■ What you need to do
All lines after the one containing "Meri Meri x" are needed, along with that line itself. Please repeat them exactly through the end of the entries.

■ The data
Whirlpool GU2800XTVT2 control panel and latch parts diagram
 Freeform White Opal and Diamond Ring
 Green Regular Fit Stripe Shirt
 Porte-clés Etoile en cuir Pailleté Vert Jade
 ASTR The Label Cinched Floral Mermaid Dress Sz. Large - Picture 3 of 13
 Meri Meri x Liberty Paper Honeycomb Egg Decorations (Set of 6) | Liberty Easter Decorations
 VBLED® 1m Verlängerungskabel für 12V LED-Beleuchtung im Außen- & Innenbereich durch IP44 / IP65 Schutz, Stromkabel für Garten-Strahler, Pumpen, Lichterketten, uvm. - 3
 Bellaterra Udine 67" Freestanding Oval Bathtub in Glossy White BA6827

■ Response for this exercise
 Meri Meri x Liberty Paper Honeycomb Egg Decorations (Set of 6) | Liberty Easter Decorations
 VBLED® 1m Verlängerungskabel für 12V LED-Beleuchtung im Außen- & Innenbereich durch IP44 / IP65 Schutz, Stromkabel für Garten-Strahler, Pumpen, Lichterketten, uvm. - 3
 Bellaterra Udine 67" Freestanding Oval Bathtub in Glossy White BA6827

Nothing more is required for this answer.